0

I have a plain string 'бекслеш \018 на точку' in Python 3. I got this string from an external HTML page, therefore it doesn't have the "r" prefix of a raw string. I don't know how to convert it to a raw string.

How can I replace the '\' with a dot '.'?

I've tried the following:

s = get_string()  # 'бекслеш \018 на точку'
print(s.replace('\\', '.'))
out: бекслеш 8 на точку

But I need 'бекслеш .018 на точку'.

UPD: It is clear that the programming language interprets the backslash as a control character. Question: how to make a replacement, if it is not possible to specify a string as raw, or is it not clear how to convert it to raw?

bl79
  • 1,291
  • 1
  • 15
  • 23
  • 3
    I think that `\018` is being interpreted as a hex/unicode character. – Tim Biegeleisen Apr 03 '18 at 03:00
  • 2
    There is no \ in the string. – wim Apr 03 '18 at 03:01
  • 1
    String objects don't have prefixes. String _literals_ in your source code do, but once the literal is interpreted by Python, it doesn't matter whether it was `r'a\b'` or `'a\\b'`—they both turn into the same string, `a\b`. – abarnert Apr 03 '18 at 03:09

2 Answers2

3

The difference between a string literal and a raw string is the way they are interpreted to create a string object from your source code. The objects they create are not distinct in any way. So there is no such thing as converting a string to a raw string.

In this case, '\018' stands for '\x01', which is the Start-of-Header character, followed by the character '8'.

chr(1) + '8' == '\x018' # True

And as you can see, your string contains no '\\' character.

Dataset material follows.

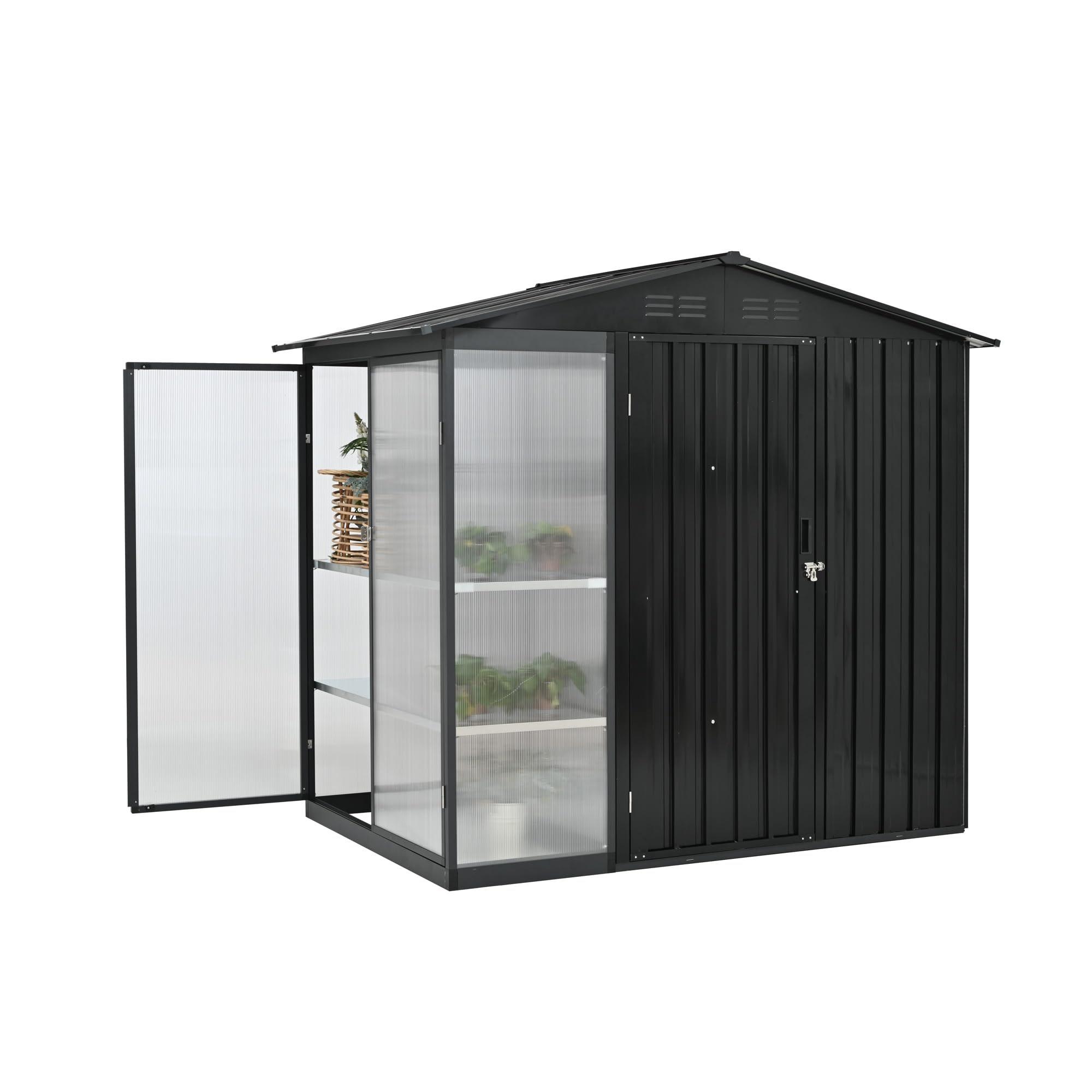 Amazon | 【収納ラック付き】屋外物置 スチール 大型収納庫 防錆 防水 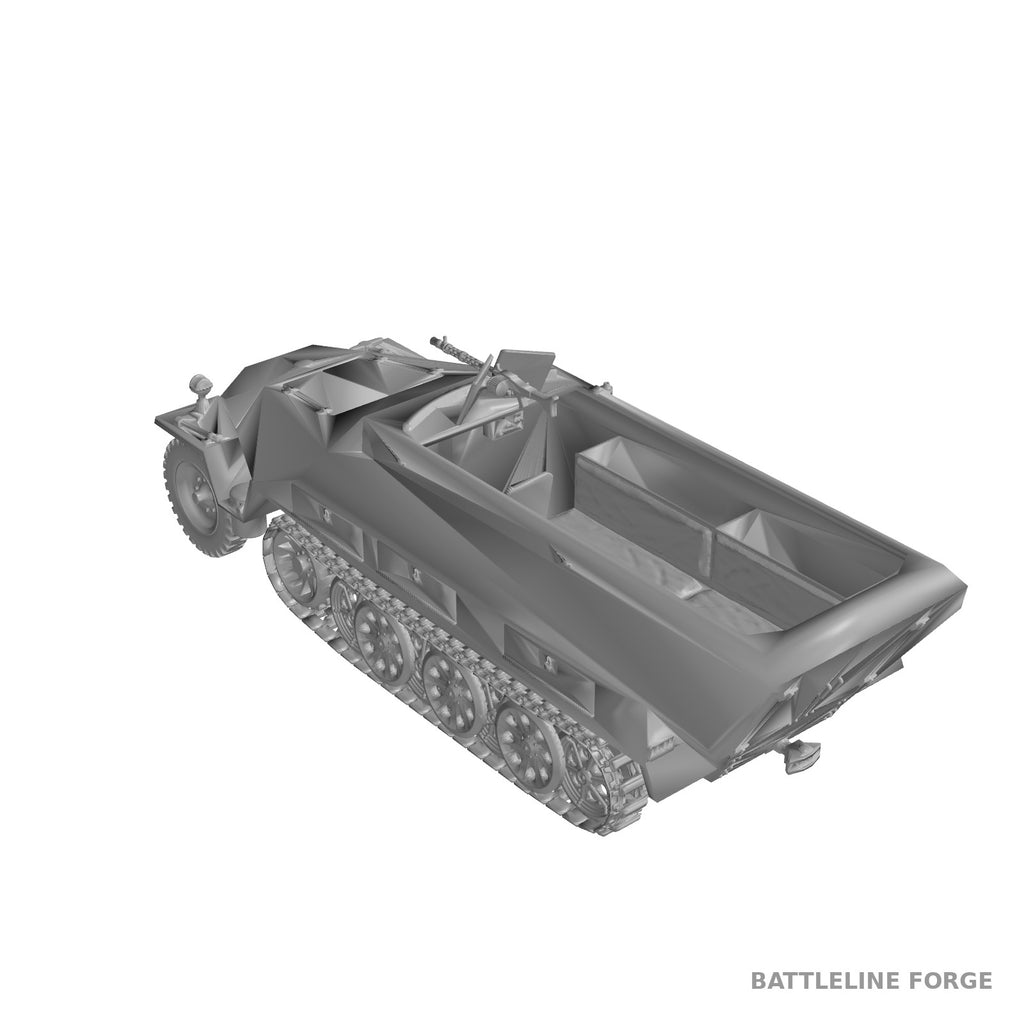 Sd.Kfz. 251 Ausf D Halftrack - WWII German Armored Personnel Carrier - 3D Printed Miniature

'\\' in 'бекслеш \018 на точку' # False
Olivier Melançon
  • 21,584
  • 4
  • 41
  • 73
  • \018 does not stand for a character. it is an \x01 and a plain old '8'. \x01 is "Start of heading" control character. – wim Apr 03 '18 at 03:16
  • 1
    Thanks I was looking for what character that was. – Olivier Melançon Apr 03 '18 at 03:22
  • It is clear that '\018' interpreted as '\x018'. How to disable this for replacement work? – bl79 Apr 03 '18 at 05:04
  • @bl79 There's nothing to replace, though. That's what this answer is saying – OneCricketeer Apr 03 '18 at 05:14
  • @bl79. I think that you're missing the point here. There is a difference between the literal representation `\x01` and the in-memory representation. You don't seem to be clear on which is which. – Mad Physicist Apr 03 '18 at 05:14
  • @bl79 The point of the answer is that what you thought was there isn't. So you may want to rethink how you want to parse that string. Start of Header is not a printable character so I doubt you want to replace it by anything. Maybe you want to remove it..? And if you want to replace it, see the [answer by pylang](https://stackoverflow.com/a/49622782/5079316). – Olivier Melançon Apr 03 '18 at 12:55
2

I think you actually want to replace the control character:

Code

print(s.replace("\x01", ".01"))
# бекслеш .018 на точку

Details

It is clear that the programming language interprets the backslash as a control character.

Actually the control character includes the escape character (\) and the adjacent code (01). Let's see how Python looks at each character:

print(list(s))
# ['б', 'е', 'к', 'с', 'л', 'е', 'ш', ' ', '\x01', '8', ' ', 'н', 'а', ' ', 'т', 'о', 'ч', 'к', 'у']

Notice \x01 is one character, not the backslash alone. You have to replace this entire character.


Addendum

Therefore, a general approach can be to iterate each character and substitute any that belong to the control character category with a new string. This new string should be formatted to mirror the value of the character it replaces. Otherwise, return a normal character.

from unicodedata import category


"".join(".{:02d}".format(ord(char)) if category(char).startswith("C") else char for char in s)
# 'бекслеш .018 на точку'
pylang
  • 40,867
  • 14
  • 129
  • 121